Product of 2-digit numbers

It's possible. To restate the goal, we want a cycle of digits $d_1 \to d_2 \to d_3 \to \ldots \to d_{31} \to d_1$, such that $$ (d_1 d_2) (d_2d_3) (d_3d_4) \ldots (d_{31} d_1) $$ is a perfect square. We can build this up by combining small cycles. First,

$$2 \to 7 \to 2$$

is a nice move, as it gives $27 \cdot 72$ -- dividing out squares, we have $3 \cdot 2 = 6$. We can also do the move $$ 2 \to 5 \to 2 $$ which is $25 \cdot 52$, or just $13$ remaining. And we also have $$ 2 \to 6 \to 9 \to 2 $$ which is $26 \cdot 69 \cdot 92$, or $2 \cdot 13 \cdot 3 \cdot 23 \cdot 23 \cdot 4$, or just $6 \cdot 13$. So all of these together give a perfect square cycle of total length $2 + 2 + 3 = 7$: $$ \underbrace{2 \to 7 \to 2 \to 5 \to 2 \to 6 \to 9 \to 2}_{\text{perfect square cycle}}. \tag{a} $$

But that's not good enough -- we need another way of getting a perfect square, because cycles of length $7$ can't add up to get total length $31$. So here's another cycle: $$ \underbrace{2 \to 4 \to 2 \to 1 \to 2}_{\text{perfect square cycle}}. \tag{b} $$ Just to verify this, we have $24 \cdot 42 \cdot 21 \cdot 12$, dividing out squares and factoring $6 \cdot (6 \cdot 7) \cdot (3 \cdot 7) \cdot 3$, so everything ends up squared.
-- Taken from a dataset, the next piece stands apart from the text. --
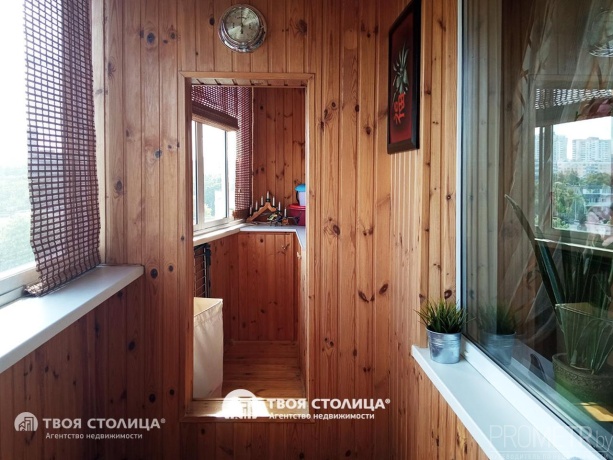 Фото объекта 9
This time, the cycle has length $4$. (This was a bit more complicated than necessary. We could just have done $2 \to 5 \to 2 \to 5 \to 2$, or $2 \to d \to 2 \to d \to 2$ for any $d$, for that matter.)
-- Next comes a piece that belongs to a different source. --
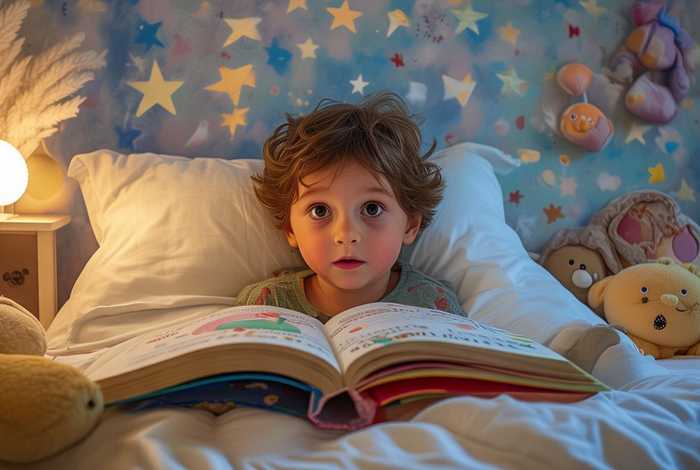 儿童睡前故事视频大全,儿童睡前故事视频大全英文版 儿童睡前故事视频大全,儿童睡前故事视频大全英文版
Then we are done: by starting from $2$ and traversing cycle (a) one and cycle (b) six times, the total length is $$ 7 + 4 + 4 + 4 + 4 + 4 + 4 = 31. $$

Some intuition (if you know graph theory)

The whole length $31$ cycle can be thought of as a cyclic path in the complete graph with $9$ vertices, where each vertex is a different digit. The path of length $31$ then decomposes into a bunch of cycles of small length ($\le 9$). The procedure to decompose into small cycles is as follows: for any cycle of length greater than $9$, it must repeat some vertex twice; therefore, it splits into two cycles from the repeated vertex.

So the goal is basically to find a bunch of small cycles whose total length is $31$, and which multiply to a perfect square. Hence, my approach was to start looking for small cycles and what they multiply to, and then try to get them to cancel out.